--- PROBLEM REQUIREMENTS ---
Quote from the first line below through the line that contains "Shelf with cosmetics", both included, and leave the pictures out.

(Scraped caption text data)
[Start of Attachment]

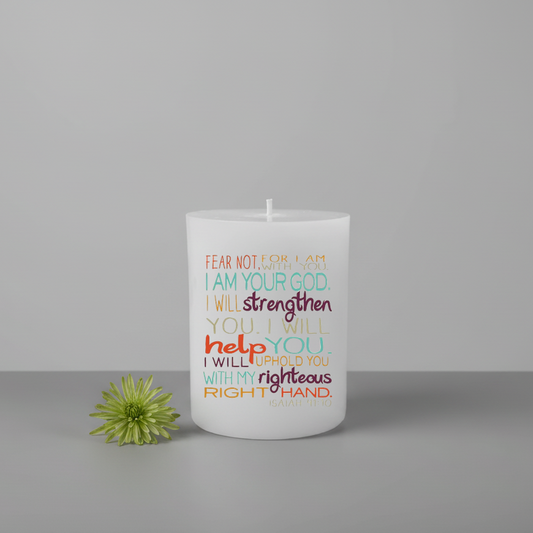 White candle with colorful text and a green flower on a gray background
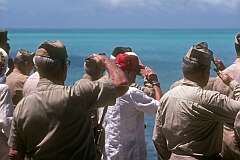 American veterans at Beach Red, saluting their fallen comrades , during the ceremony commemorating the 45th anniversary of the Battle of Tarawa on 20–23 November 1943 in Betio, South Tarawa.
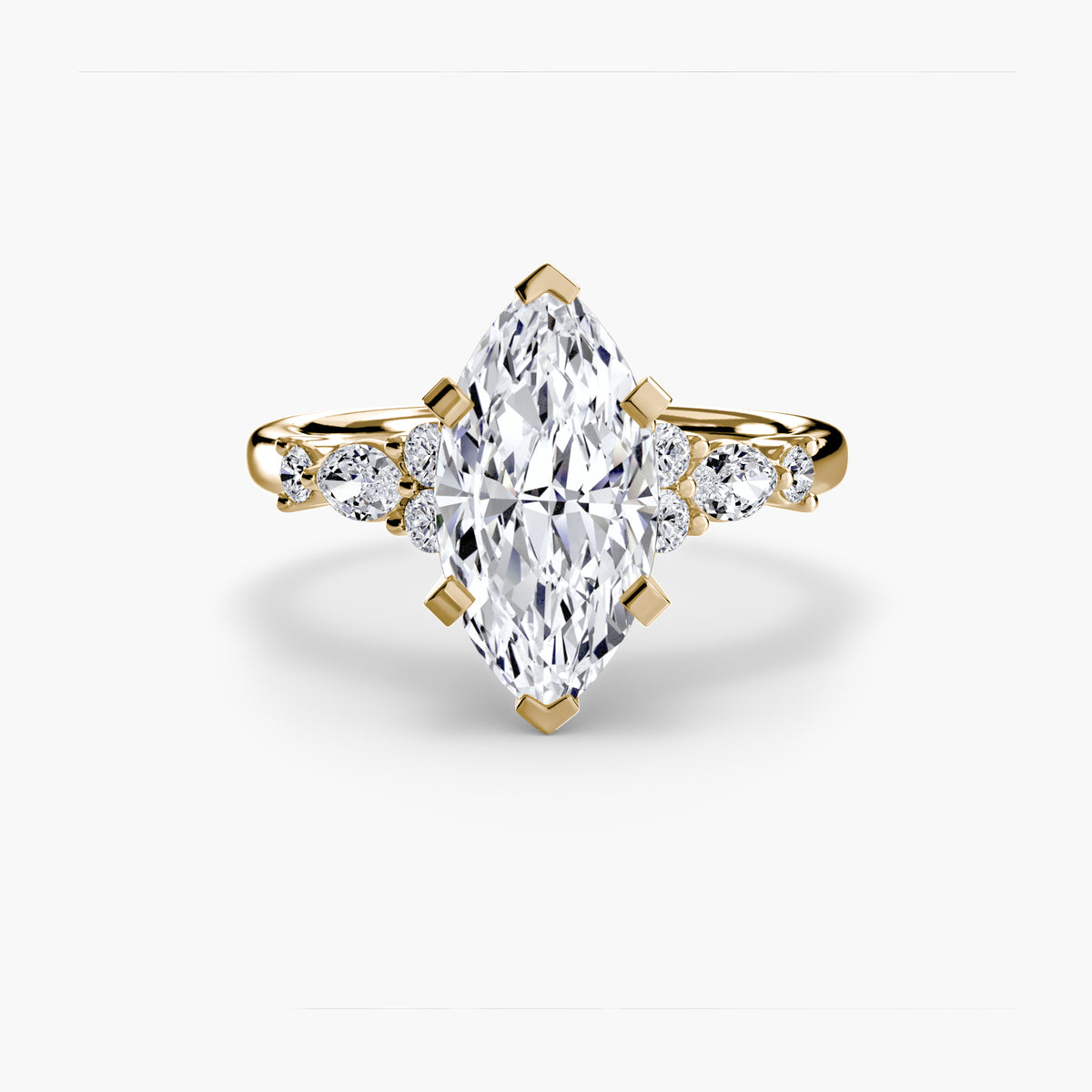 The Floral Accent Solitaire engagement ring in yellow gold with a marquise centre stone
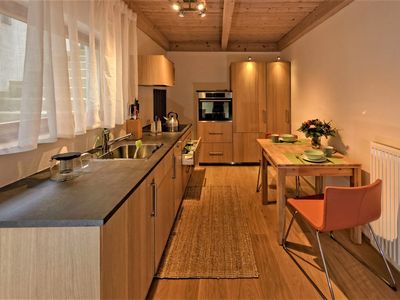 Moderne und vollständig eingerichtete Holzküche, ganz wie zu Hause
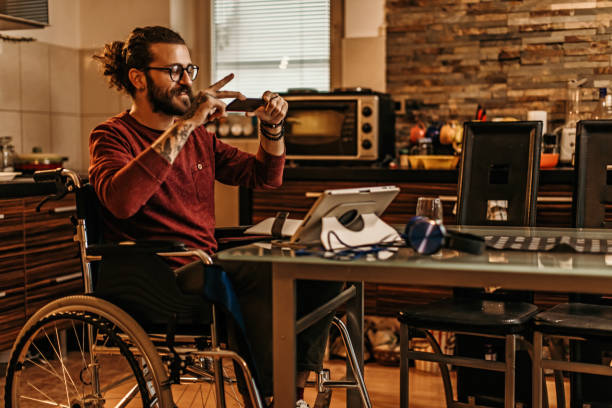 istock man sitting in a wheelchair at home 1282920119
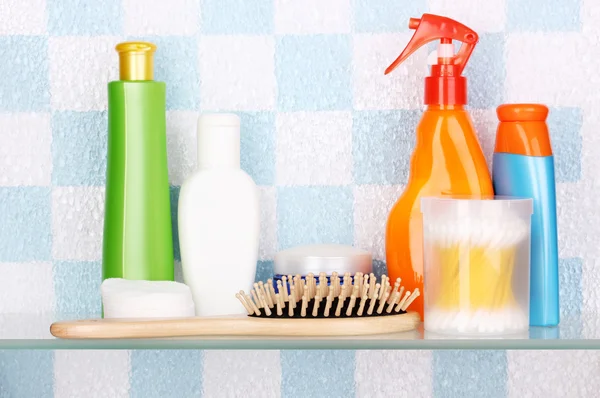 Shelf with cosmetics and toiletries in bathroom — Stock Photo, Image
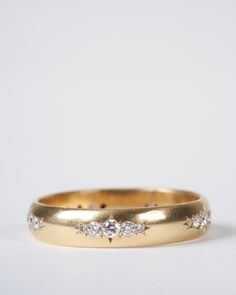 a gold wedding band with five diamonds on the inside and outside, set in 18k yellow gold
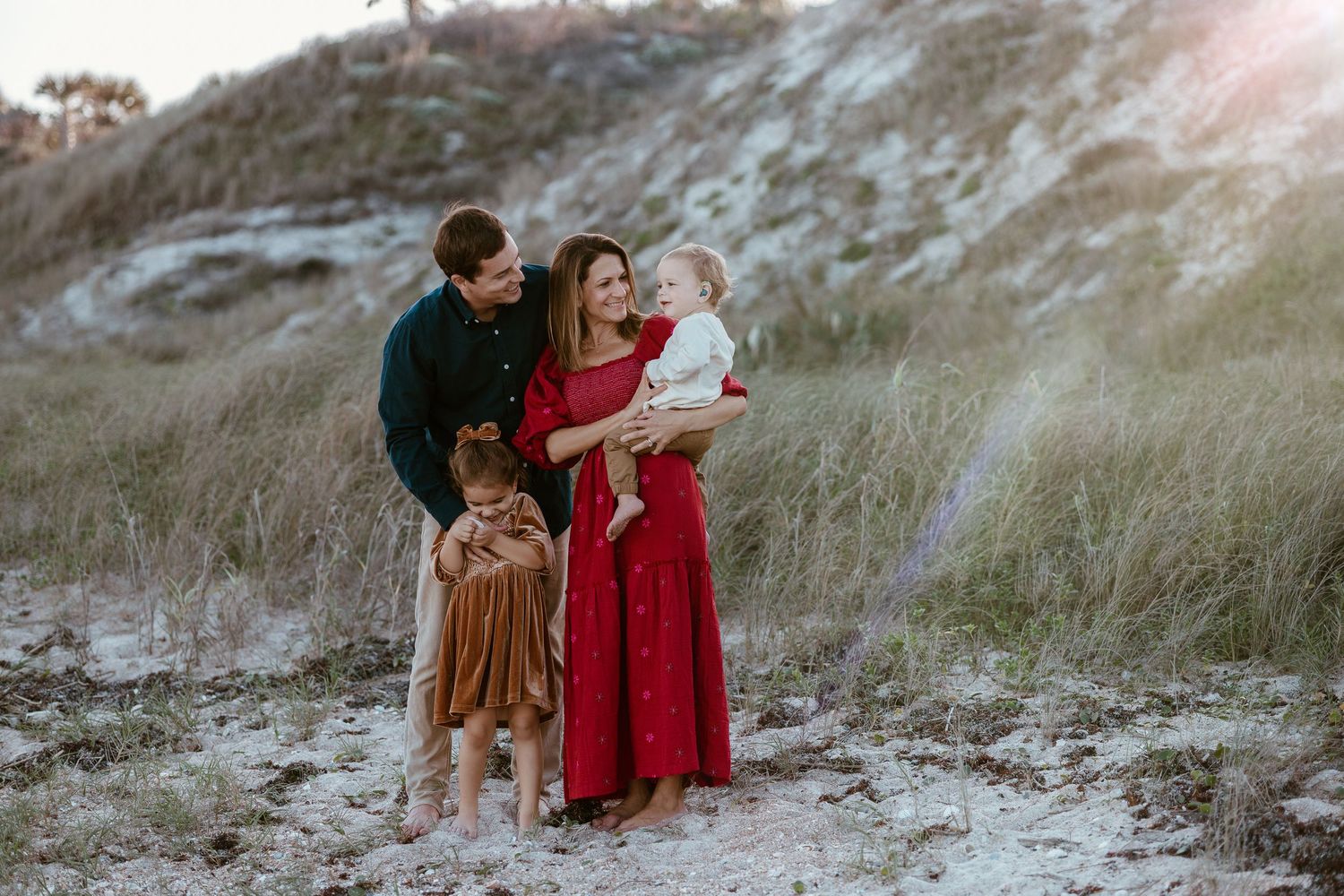A family portrait session at sunset on a sandy hill with warm evening light.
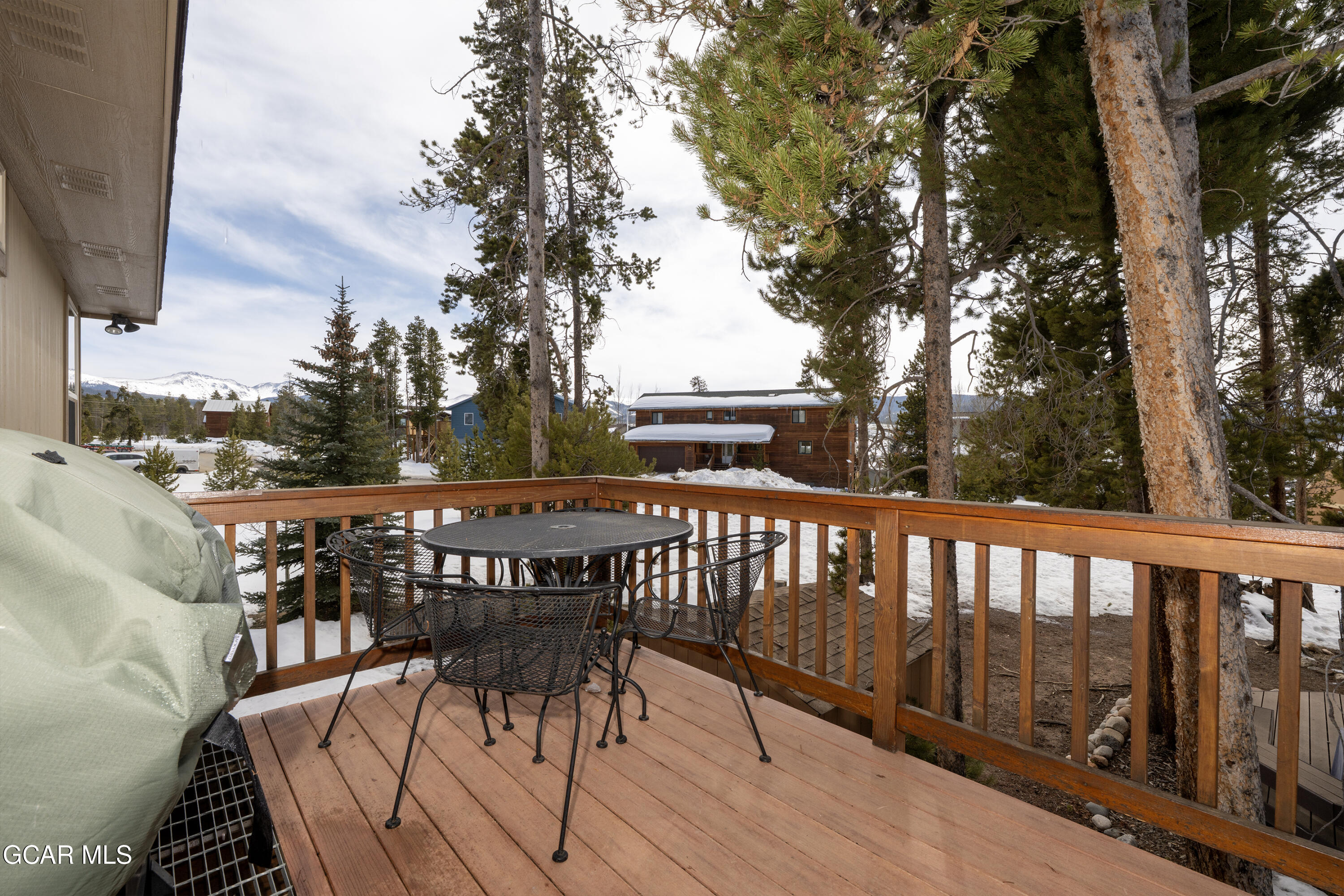 840 Ferret Lane Fraser, CO 80442 - Photo 7 of 33 a view of balcony with wooden floor and outdoor seating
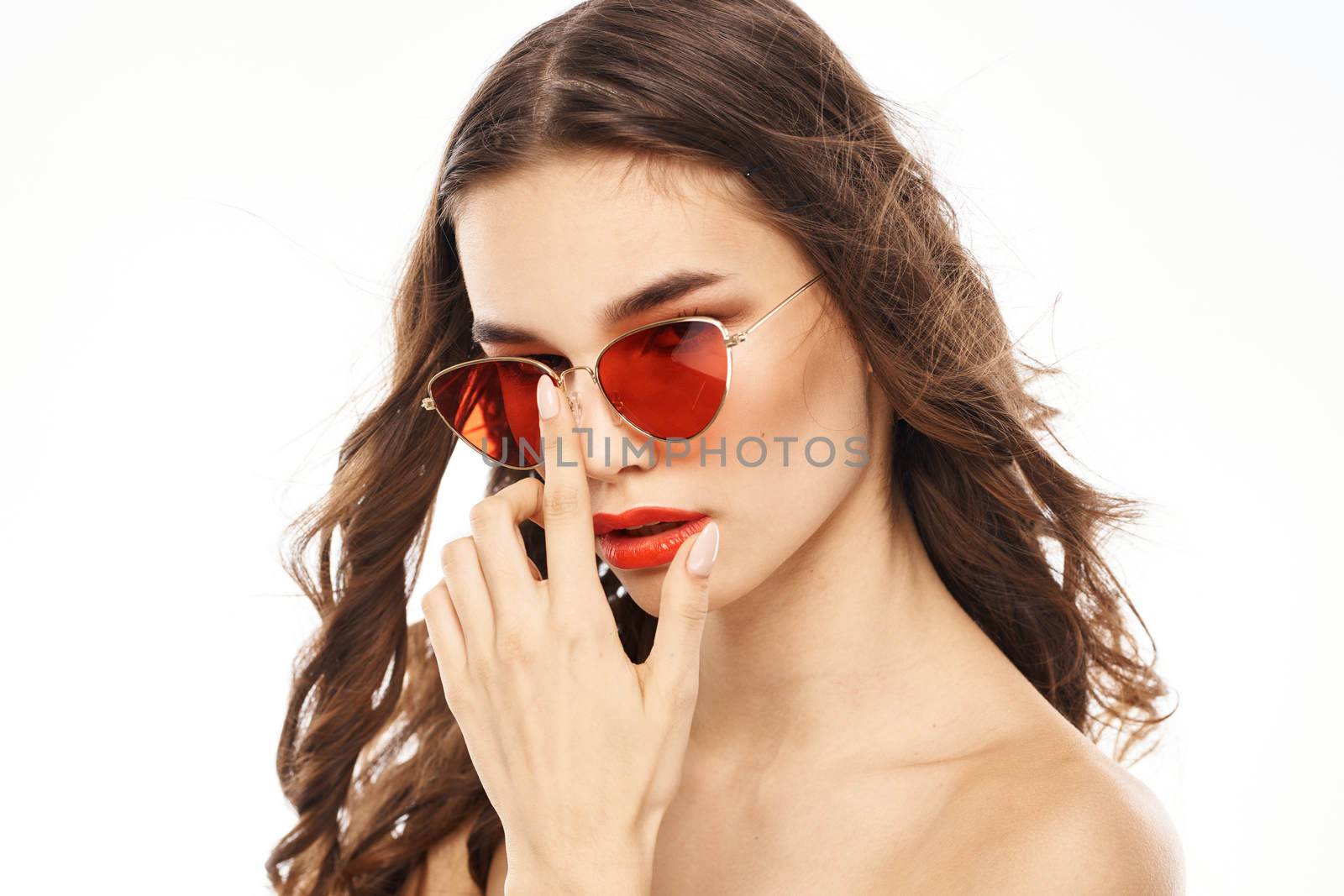 Portrait of brunette woman in sunglasses naked shoulders light background. High quality photo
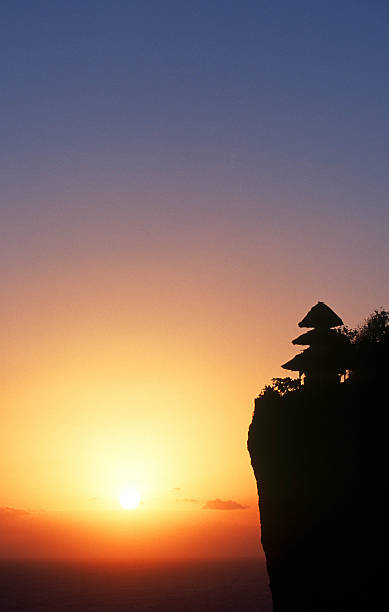 istock Indonesia, Bali, Bukit Peninsula, Uluwatu cliff temple, sunset. 185230968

[End of Attachment]

--- EXPECTED OUTPUT ---
 White candle with colorful text and a green flower on a gray background
 American veterans at Beach Red, saluting their fallen comrades , during the ceremony commemorating the 45th anniversary of the Battle of Tarawa on 20–23 November 1943 in Betio, South Tarawa.
 The Floral Accent Solitaire engagement ring in yellow gold with a marquise centre stone
 Moderne und vollständig eingerichtete Holzküche, ganz wie zu Hause
 istock man sitting in a wheelchair at home 1282920119
 Shelf with cosmetics and toiletries in bathroom — Stock Photo, Image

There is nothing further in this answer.